Top 10 Book 2 (Alan Moore)

Alan Moore’s Top 10 Book 2 TPB Review

2002, Windstorm
Alan Moore
Gene Ha, Zander Cannon
Alex Sinclair

Best described as The Shield with capes, Top 10 is an undeniably enjoyable cop drama with a heavy soap opera element that, while stopping it from ever being placed alongside Alan Moore’s genuine classics, allows its characters to grow on you in a way his typically finite tales rarely can. Whereas volume 1 of Top 10 introduced us to the world of Neopolis through the eyes of rookie gal Toybox, Book 2 demotes that character into the foreground, with the large, eclectic cast given their moment in no order of preference. And the result is a far more enjoyable latter half of this “season 1”.

Top 10 Book 2 (Alan Moore)
Top 10 Book 2 (Alan Moore)

Each individual issue in Top 10 features a standalone story, but Moore is never one to let a loose plot thread go untied, and if it feels as though there’s often a dozen or so cases going on at once, it’s probably because there is. New cases thrown into the teeming mix include a paedophile ring posing as a superhero team in order to recruit adolescent sidekicks, Detective John “King Peacock” Corbeau’s tribulations in an alternate timeline where the Roman Empire never crumbled, and new cop on the block, Officer Joe Pi; a Shogan Warriors inspired robot who flaunts a far better sense of humour than his organic team mates.

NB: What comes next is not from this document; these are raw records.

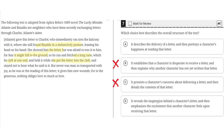D. It reveals the inspiration behind a character's letter, and then emphasizes the excitement that another character feels upon receiving that letter. This is incorrect, because the text doesn't discuss the inspiration behind a character's letter. It simply says that they wrote the letter and gave it to Charlotte. So D is incorrect. The correct answer is A.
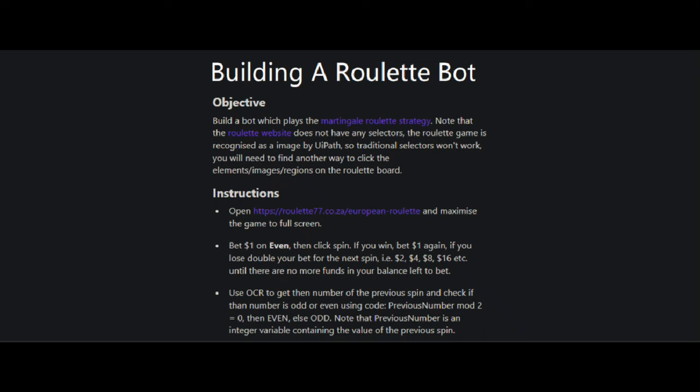In this video, I am going to show you how to build a Roulette bot. The objective here is to build a bot that operates on an online Roulette website all by itself. We will play using the martingale Roulette strategy.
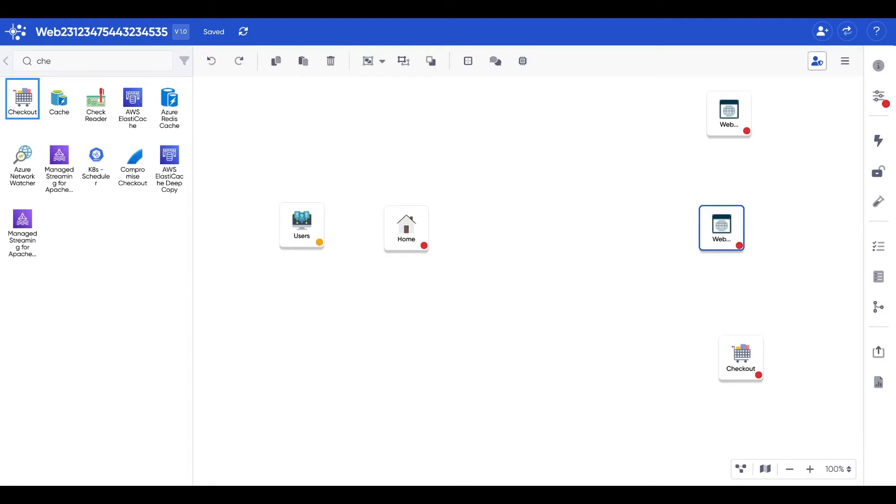How to create a process flow diagram from an empty canvas. We truly believe that creating a threat model should be as easy as creating a PowerPoint.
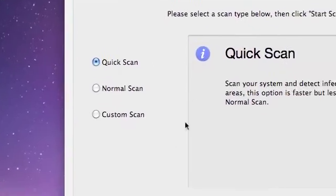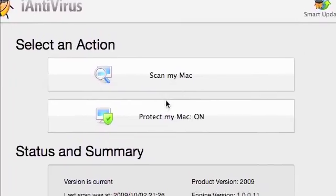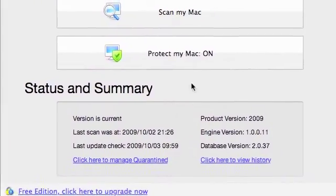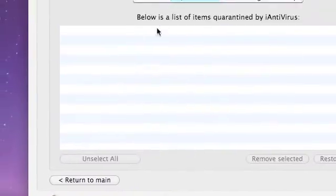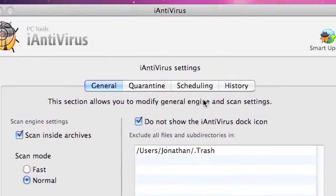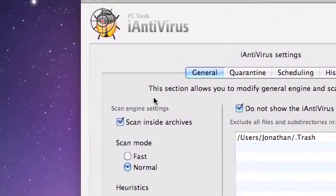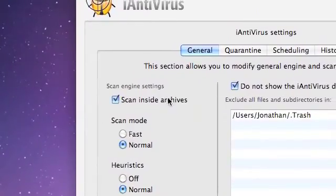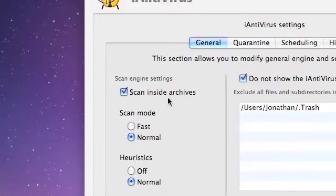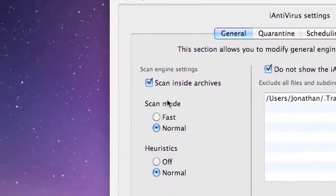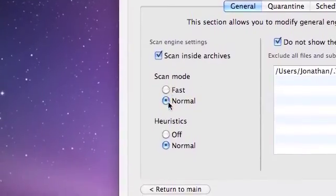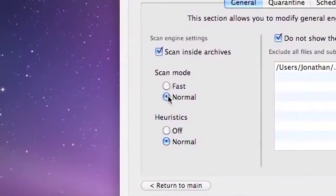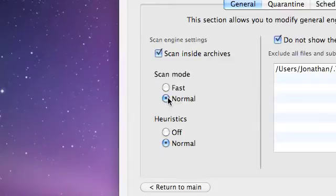Now for the preferences. We have four tabs here. The settings: Scan Engine Settings—Scan Inside Archives, which I think means scanning inside zip folders or compressed files. Scan Mode—fast if you want it faster, or normal if you want a more thorough scan that looks at and examines your files better. You just click Normal.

But it’s the city of Neopolis that is the star of this would-be cop show. This is definitely a universe I’d happily visit on a regular monthly basis. As with Watchmen, Moore succeeds at what so many of his contemporaries fail at; creating a universe that is plausible in its absurdity. His characters can fly, walk through walls and traverse multiple dimensions, but they’re a far more human assortment than many mainstream heroes. Several even have paunches, heaven forbid. Of course, the guys at Precinct Ten would scoff at the term “heroes” – they’re just comparatively normal guys doing a comparatively mundane job.

Part of the enjoyment in reading this series is the number of references Moore and Gene Ha manage to cram into every scene, from miniscule background appearances by Rom the Space Knight and an amphibian Thor, to a ‘Transworld Transport Terminus’ poster advertising “Vacation on Multiple Earths”. This is definitely a book you’ll want to read several times over, just to catch those little touches you missed the first time round. Ha’s delicately inked, no-nonsense illustrations never pull you from Top 10’s universe; like Moore, Ha appreciates that no matter of eye candy can outshine sincere characterisation.

Though we’ve received a Tolkein-esque spin-off and a prequel, I do hope that Moore writes a Top 10 “season 2” someday soon. If for nothing else, in anticipation of another appearance from the planet devourer Galactapuss…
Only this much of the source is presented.